Learning Across Development: DFID’s Organizational Learning and Knowledge Management Gathering

Oct 30, 2017
Piers Bocock

Recently I had the opportunity to travel back to London, a city where I once lived.  And in addition to a few requisite smartphone pictures of monuments and historical buildings for my kids, I also brought back some heartening mental images for myself and those with whom I work here in Washington, D.C., including:

  • Chris Collison, renowned Knowledge Management and Learning consultant, standing in front of a room in London with a stuffed parrot on his shoulder; 
  • Clive Martlew, Learning and Leadership Lead for the UK’s Department for International Development (DFID), talking about generosity and curiosity; 
  • Margot Brown, the World Bank’s Director of Knowledge Management singing the praises of other development entities’ learning and knowledge management efforts; 
  • Bruce Hedley, a Director in the British Joint Forces Command talking about learning from failure; and 
  • Monica Matts from USAID’s Collaborating, Learning and Adapting (CLA) Team, telling a story about a breakthrough in Tunisia based on an unconventional collaboration.

woman speakingThese snapshots were all thanks to an event for which DFID brought together learning “champions” from across their organization, other agencies, and implementing partners to share progress, approaches, and challenges in improving organizational learning capacity across the development sector.  

The conference was held at DFID’s Whitehall offices, which are connected to the Old Admiralty, a building steeped in tradition and learning (for centuries, the Royal Navy has been documenting exploration, discovery, learning, successes, and failures from which to learn). Monica Matts, a Senior Learning Advisor with USAID, and I were invited to share our experience integrating intentional, systematic, and resourced collaborating, learning and adapting (CLA) across USAID, and to hear how others are addressing the challenges of making the world a better place in complex and diverse conditions. Talks from DFID, the Joint Forces Command, USAID, and the World Bank were supplemented with smaller concurrent workshops that looked at a number of learning and knowledge management initiatives from DFID and its partners. 

While there were numerous common threads across the many partners—the need for learning champions, the value of iterative approaches, the value of learning from failure, the challenges of relying on platforms, the importance of a diverse set of approaches that are context-appropriate, and more—the most salient one for me was the universal acknowledgement of the need to create, foster, and incentivize a culture of learning.
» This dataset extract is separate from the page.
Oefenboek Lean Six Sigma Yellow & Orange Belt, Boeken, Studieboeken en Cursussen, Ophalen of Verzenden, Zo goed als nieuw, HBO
Culture is a required building-block of both DFID’s and USAID’s learning self-assessment tools. Culture is paramount when it comes to open, rank-agnostic learning in the military. And a culture of learning underpins The World Bank’s new KM strategy.  

This shift away from reliance on KM “platforms” towards human-centered learning and peer-to-peer engagement and support has been happening for some time, but I believe that we’ve reached a tipping point in which KM and IT platforms are only the enablers of improved knowledge management and learning, only as effective as the culture that supports true learning. It’s exciting to see this shift, and I look forward to continuing to be part of the process, because whether we work for USAID, DFID or the World Bank; Dexis Consulting Group, IDS, or Oxfam, we’re all aiming towards the same goal of a safer, healthier, more equitable world; and learning will be the key to making effective contributions to that end.